İdris Küçükömer, “Düzenin Yabancılaşması” adlı kitabında: Türkiye’nin “solcu”ları gericidir. Üretim güçlerinin gelişmesinden yana değillerdir, tek merkezli, yukarıdan aşağı otoriter bir örgütlenmenin savunucusudurlar. Halkı yönetilecek sürü olarak görürler.( Batlılaşma ve Düzenin Yabancılaşması Profil Yayıncılık)
Küçükömer Abdülhamid ve İttihat Terakki Cemiyeti’nden söz ederken Abdülhamid’i bir denge taktikçisi olarak görür özellikle Batıcı bürokrat Jön Türklere karşı. Çünkü Abdülhamid imzaladığı Muharrem Kararnamesi ile gelen Düyun-u Umumiye emperyalizmin koşulları içinde, bürokrat Batılılaşma olaylarının ekonomide yarattığı kaçınılmaz bir sonuçtur, diyor.
John Haslip, İttihat ve Terakki Komitesi’nden söz ederken şöyle yazıyor: Her ne kadar komitenin başındakiler ekseriyette Yahudi ve Arnavut asıllı kimseler idiyseler de, Resne ve Manastır kışlalarında “Türkiye Türkler içindir” parolası dillerde dolaşıyordu.
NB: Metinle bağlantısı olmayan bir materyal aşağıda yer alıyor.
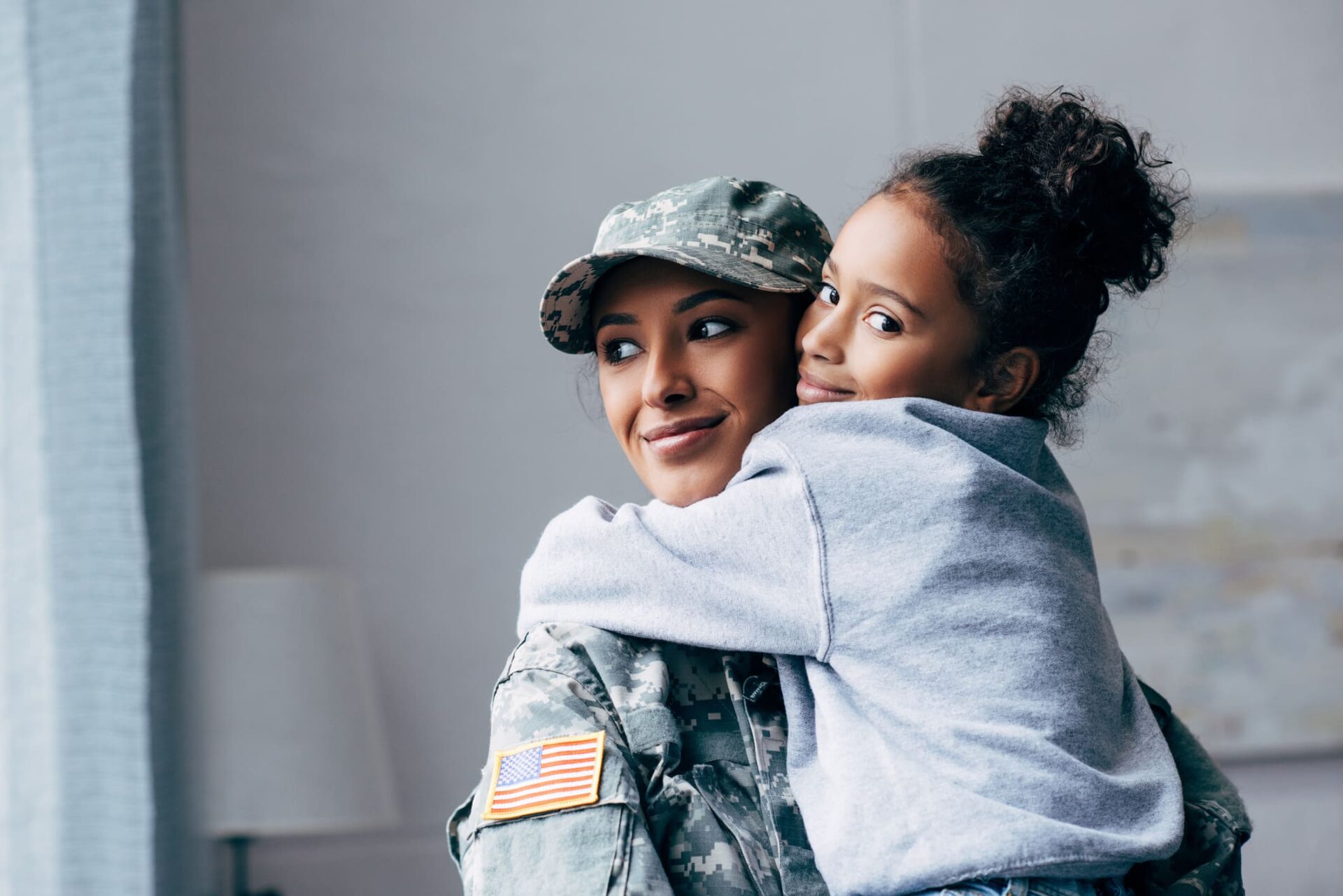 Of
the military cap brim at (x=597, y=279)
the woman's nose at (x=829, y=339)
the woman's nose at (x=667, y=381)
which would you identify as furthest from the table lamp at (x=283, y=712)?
the woman's nose at (x=829, y=339)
Yine 1908’in hemen sonrası için: “Türkiye Türkler içindir”, “boyunduruktan kurtulalım!” sloganlarıyla iktidara gelmiş olanlar (ittihatçılar), şimdi imparatorluğu yeniden teşkilatlandırmak için tekrar yabancılardan ibaret bir heyeti davete mecbur olmuşlardı. Bu surette maliyede bir Fransız, gümrüklerde bir İngiliz bulunuyordu. Bir başka İngiliz de uzun zamandan beri ihmal edilmiş olan deniz kuvvetlerini ıslaha memur edilmişti… Ticaret odasında bir Alman, Jandarma teşkilatında da bir İtalyan çalışıyordu.
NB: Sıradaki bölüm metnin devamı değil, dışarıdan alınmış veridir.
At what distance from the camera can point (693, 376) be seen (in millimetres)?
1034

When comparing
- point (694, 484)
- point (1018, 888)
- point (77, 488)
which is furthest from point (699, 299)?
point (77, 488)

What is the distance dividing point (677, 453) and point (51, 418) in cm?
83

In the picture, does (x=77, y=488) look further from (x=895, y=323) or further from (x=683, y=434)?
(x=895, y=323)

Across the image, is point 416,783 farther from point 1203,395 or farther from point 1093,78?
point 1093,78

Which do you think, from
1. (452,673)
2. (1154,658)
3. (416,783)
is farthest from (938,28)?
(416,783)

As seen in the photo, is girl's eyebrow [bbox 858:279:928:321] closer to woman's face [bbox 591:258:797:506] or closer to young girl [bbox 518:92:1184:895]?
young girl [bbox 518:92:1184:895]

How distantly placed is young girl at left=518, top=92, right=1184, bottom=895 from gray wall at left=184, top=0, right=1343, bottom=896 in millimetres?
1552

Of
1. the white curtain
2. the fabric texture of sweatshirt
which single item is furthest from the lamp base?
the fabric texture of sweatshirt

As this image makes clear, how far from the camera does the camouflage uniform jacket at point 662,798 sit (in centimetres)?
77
Batılılaşma hareketlerini yürütenler, mülkiyet- sınıf meselelerini, iktidar ve sınıf ilişkilerini, bunun organik bağlantılarını dikkate almıyorlardı. Bürokratik Jön Türk hareketine dahil olanların Sultan Abdülhamid’e karşı Paris’te 1902 yılında yaptıkları kongre son derece önemlidir.Bu toplantı Osmanlı toplumunda artık iyice beliren ikileşmenin, daha doğrusu Batıcı bürokratlar ile onlara karşı olan İslamcı-Doğucu halk cephesine dayanılarak farklılaşma eğiliminin çekirdeğini ortaya çıkarmıştır. Ve bugüne kadar gelen üstyapıdaki, temele indirilemeyen kavga ile yaratılan fasit daireyi biçimlendirmiştir. 1902 Kongresinde hedef a) Abdülhamid’i devirmek ve b) sonra nasıl hareket edileceğini kararlaştırmaktı.
Farklı görüşe sahip olan Jön Türkler, iki gruba ayrıldı. Milliyetçi bürokratlar, Osmanlı Terakki ve İttihat Cemiyeti’ni kurdular. Diğerleri ise; teşebbüsü Şahsi ve Adem-i Merkeziyet Cemiyeti’ni kurdular. Söz konusu ayrılık için Profesör Tarık Zafer Tunaya şöyle demektedir:”Ve bu ayrılık- yahut muhalefet- 1908 kapısından girecek, fırkalar teşkil edecek, bütün bir imparatorluğun insanlarının iki hasım kampa bölecek tohumlarını serpecektir.
Toplumun ne denli ayrıştığını daha yakın tarihimizden örnekleyelim. 1960 askeri darbesini solcular alkışlarken muhafazakâr kesim tasvip etmiyordu. 1982 Askeri darbesi sağdan soldan insanları biçerken bu kez sol kesim karşı çıkmış muhafazakâr kesim sessiz kalmıştır. Abdullah Gül Cumhurbaşkanı adayı olduğunda seçilmemesi için 367 garabetini solcular tatbik etmişti. 17-25 aralık polis ve yargının darbe teşebbüsünü solcular destekledi. Gezi olayları, FETÖ’nün medya ve bankalarına devletçe el konduğunda yine solcular karşı çıkmıştı. 15 Temmuz darbesine tiyatro diyenler yine solcular olmuştur.Nisan E muhtırası solculardan destek gördü. Örnekleri çoğaltabiliriz ama gerek yok. Anlayana bu kadarı yeter.